Once we riding we then, to add insult to injury, get lost in the woods, confusing newly forged forestry tracks with old ones on the map. After a couple of hours of traipsing through the woods and up to nearby peaks in an attempt to relocate ourselves we resort – sadly – to GPS to double-check our position. Until now we’d been navigating purely with map and compass. Once back on the correct route we churn our way through some deep bogs as we leave to woods of Coed Bwylchgwallter before emerging on to open moorland on which we ride for hours on end, toward the Elan Valley reservoirs. I’m struck by just how remote it feels here and it occurs to me that often on this ride, ever since Conwy, we see no one else for hours on end. How on earth the local communities manage to survive when road access is so tortuously slow and rail virtually non-existent in many areas, I don’t know. Today we don’t meet another soul for almost 8 hours.

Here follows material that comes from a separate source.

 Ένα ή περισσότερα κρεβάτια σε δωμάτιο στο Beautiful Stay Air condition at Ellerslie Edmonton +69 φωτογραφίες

After a tarmac stint the track turns to jagged rock at which – oh no! – Paul’s tyre explodes! He’s shredded the sidewall. A patch up job with tyre boots ensues and after a few false starts we’re under way again. Steady as she goes. I like the Elan Valley with its certain kind of barren beauty, and have happy memories of rides here with friends back in the old days when I rode a rigid, cantilever-braked steel colossus. And so, for old times sake, I leave Paul to take some photos by the reservoirs and head up over Rhos y Gelynnen and then down the locally infamous ‘Black Run’ as I wonder at how on earth I managed the steep boulder-strewn descent back in the day on said old steed! Back together we ring ahead, for it’s getting late now, and check when the kitchen shuts … 8.45pm is the reply, and we up the speed along the final tarmac stretch making our hotel in time. Wow, this place is a find! Our room is sumptuous and as my head hits my pillow, ensconced in a sumptuous duvet, I drift off, and in to the arms of Morpheus.